The best time to visit Tokyo is fall, when temperatures ease, and the city’s foliage looks spectacular.
Tokyo is wonderful at any time of year, but its weather can make a big difference to your comfort. The subtropical climate brings very humid summers, sudden snowstorms in winters, and rainy springs.
Visiting Tokyo By Season
From late June to the end of August, summer means hot, humid weather in Tokyo. Temperatures hit the high 70s and 80s, eased by rains in June through July. You’ll be grateful for every air-conditioned shopping mall or restaurant.
If you like the outdoors, and can soak up the humidity, this is when Mt. Fuji’s hiking routes open, and walkers join pilgrims for the ascent. When clear skies arrive later in July, it’s time for dramatic firework festivals, including the massive Sumida-gawa Fireworks in Asakusa.

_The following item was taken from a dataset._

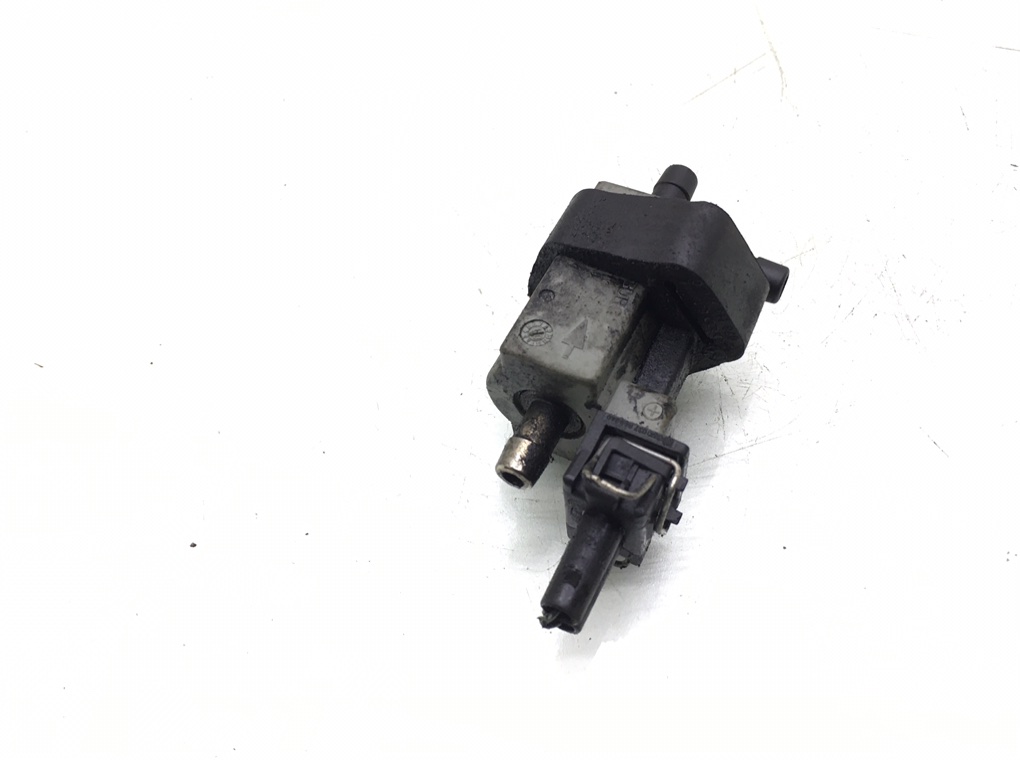 Клапан электромагнитный бу для Volkswagen Golf 4 1.8 Ti, 2001 г. Клапан электромагнитный бу для Volkswagen Golf 4 1.8 Ti, 2001 г.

August, the hottest month, is marked by the Buddhist Obon “Festival of the Dead”. This national holiday means trains are busy with people going home to honor their ancestors. The mood is very different for the Asakusa Samba Carnival, which attracts samba fans onto the streets in heat-appropriate skimpy clothing.

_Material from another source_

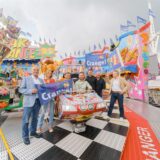 Vorstellung der neuen Crange-Gondel vom Break Dance No 2 von Bonner (von links): Albert Ritter (Präsident Deutscher Schaustellerbund), NRW-Kirmeskönigin Pauline I. Schäfer, Kirmesmaskottchen Fritz, Dr. Frank Dudda (Oberbürgermeister Herne), Eduard Belker (Fachbereichsleiter Öffentliche Ordnung), Thomas Grass (Break Dance No 2), Alexander Neumann (Platzmeister), Timo Lichte (Präsident Schaustellervereinigung Herne), Holger Wennrich (Geschäftsführer Stadtmarketing Herne)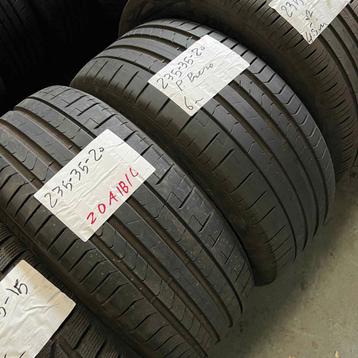 2 x Pirelli PZero 235-35-20 Zomerbanden 6mm beschikbaar voor biedingen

As the humidity of summer drops away, temperatures drop slowly. September’s average is 73°F (23°C), dropping to 63°F (18°C) in October, making fall the best time to go to Tokyo. September through October still brings rain showers, however, so you need to be prepared. Evenings are also cool enough to need an extra layer.
The autumn equinox in September—the time of harvest festivals—brings everyone out at night for moon viewing. Called Tsukimi, you’ll see this harvest festival celebrated by groups of family or friends in temples, and shrines with special Japanese foods.
The autumn foliage is another major draw, creating perfect vistas for photographers at various major sights. Chrysanthemums also bloom in October, to be greeted with their own festival in Tokyo’s gardens, shrines, and temples.
Another highlight is November’s Jidai Matsuri (Festival of the Ages), when people parade in traditional costumes from different eras.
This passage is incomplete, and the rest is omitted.